### MATERIAL SHOWN
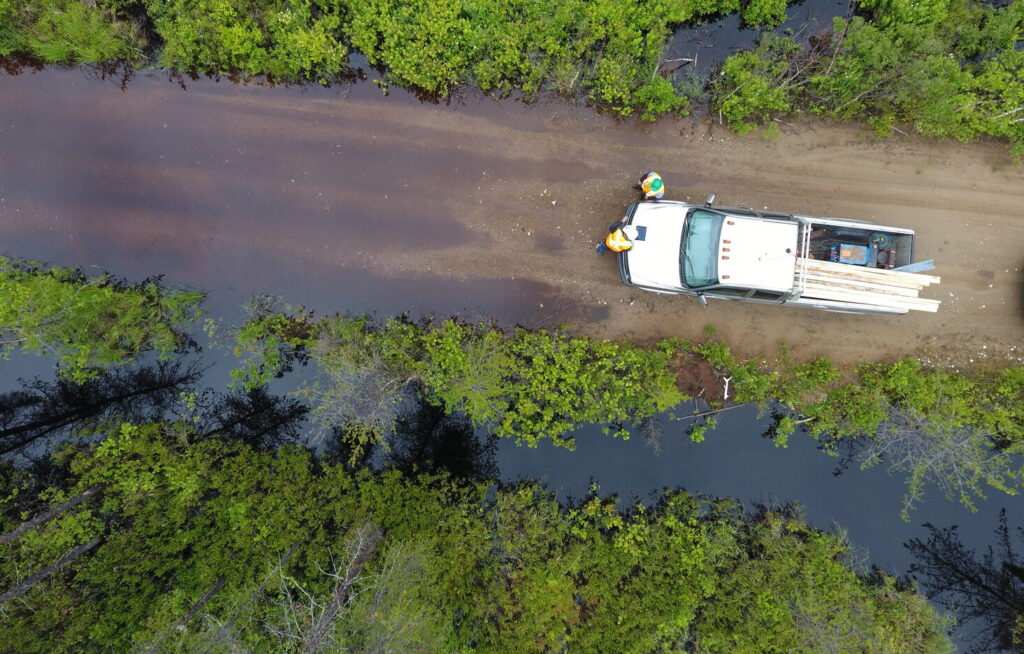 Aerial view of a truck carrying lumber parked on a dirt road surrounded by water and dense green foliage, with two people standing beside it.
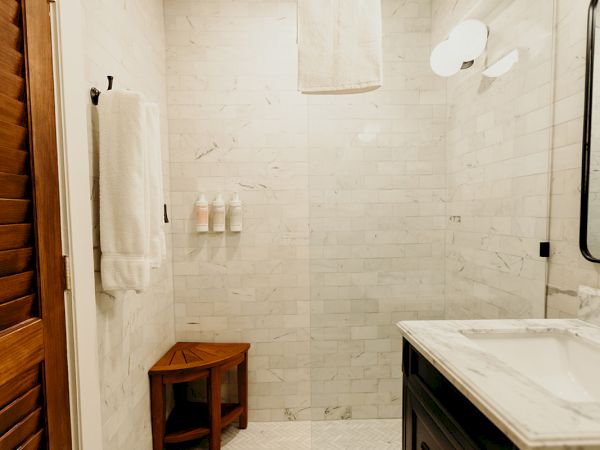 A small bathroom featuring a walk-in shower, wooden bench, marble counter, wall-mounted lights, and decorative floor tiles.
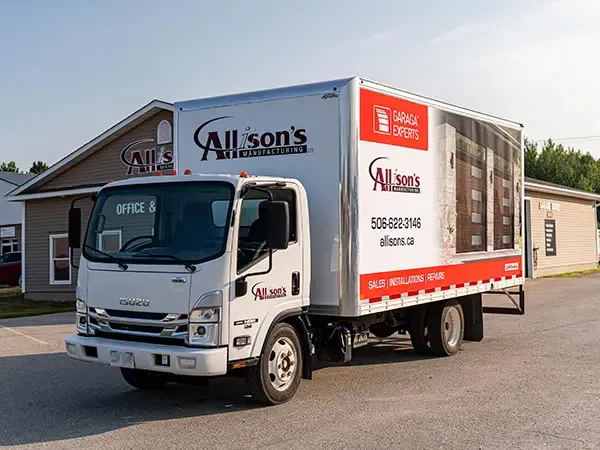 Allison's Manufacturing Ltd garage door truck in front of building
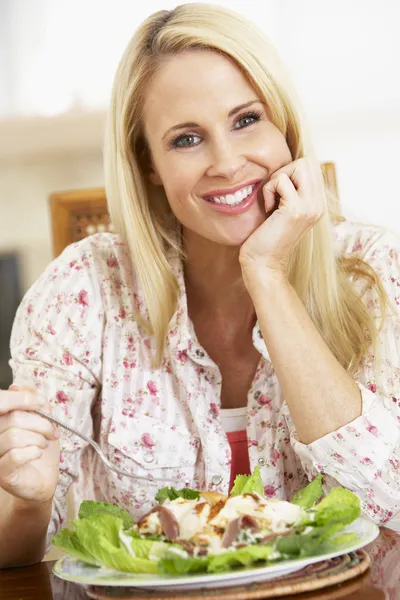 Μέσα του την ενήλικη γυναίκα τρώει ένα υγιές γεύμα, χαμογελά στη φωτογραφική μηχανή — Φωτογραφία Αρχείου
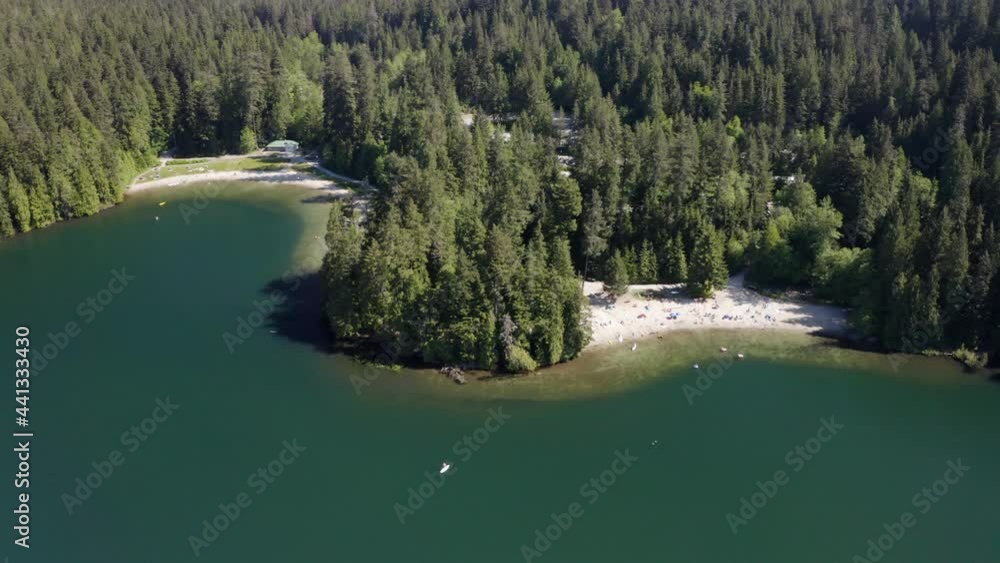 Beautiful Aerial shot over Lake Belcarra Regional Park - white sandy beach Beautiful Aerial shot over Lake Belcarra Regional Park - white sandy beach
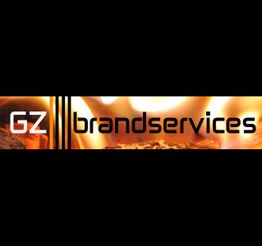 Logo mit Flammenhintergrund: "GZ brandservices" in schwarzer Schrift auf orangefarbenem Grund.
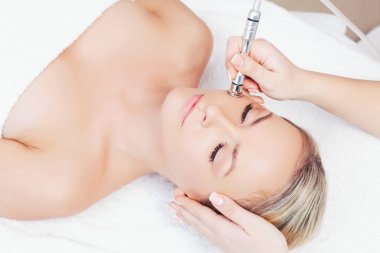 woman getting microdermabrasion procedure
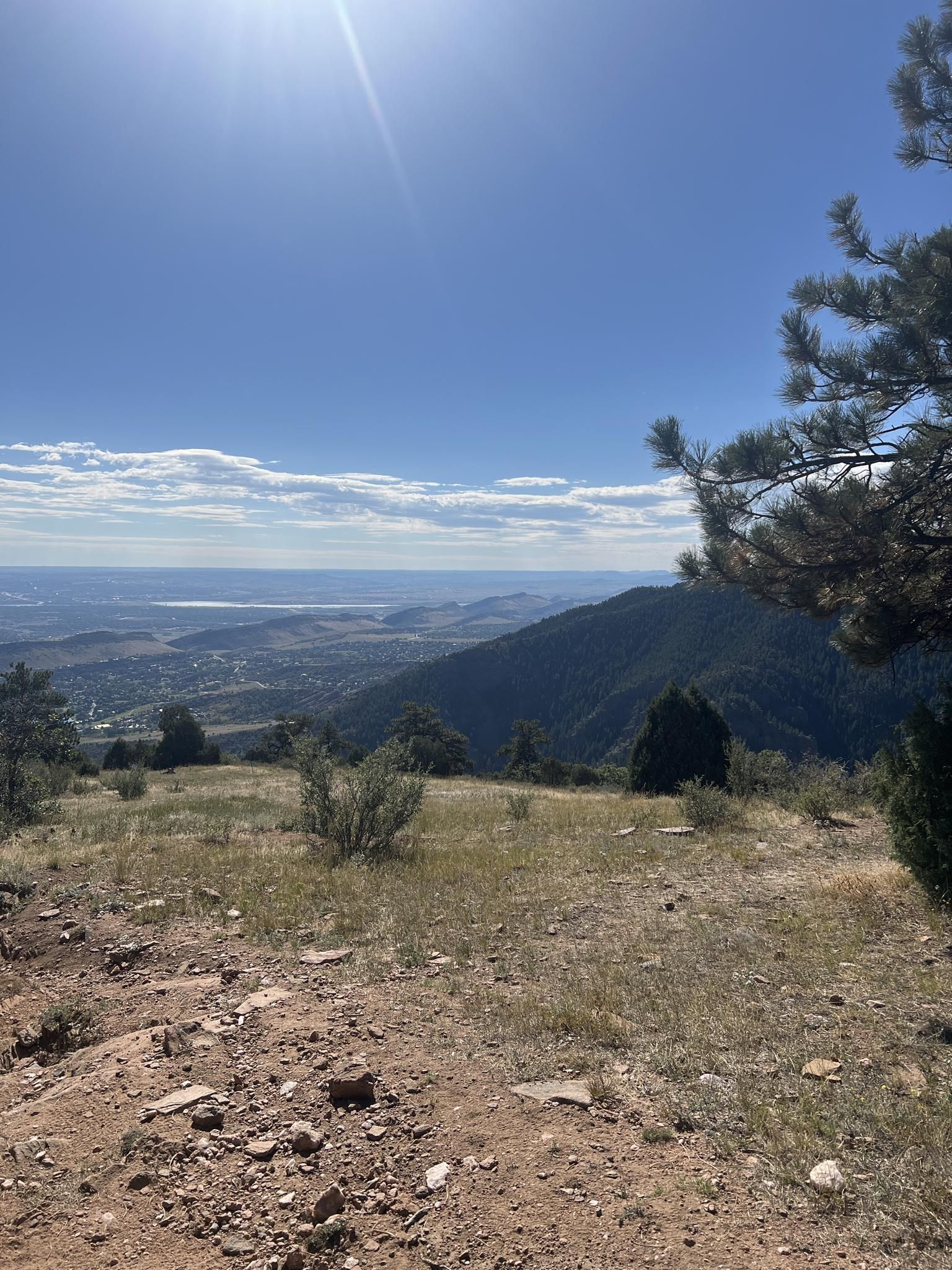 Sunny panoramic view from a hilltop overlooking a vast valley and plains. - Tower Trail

### ACTIVITY
Please transcribe exactly the lines from the start of the records through the line containing "Μέσα του την", leaving the pictures out.

### ANSWER BOX
 Aerial view of a truck carrying lumber parked on a dirt road surrounded by water and dense green foliage, with two people standing beside it.
 A small bathroom featuring a walk-in shower, wooden bench, marble counter, wall-mounted lights, and decorative floor tiles.
 Allison's Manufacturing Ltd garage door truck in front of building
 Μέσα του την ενήλικη γυναίκα τρώει ένα υγιές γεύμα, χαμογελά στη φωτογραφική μηχανή — Φωτογραφία Αρχείου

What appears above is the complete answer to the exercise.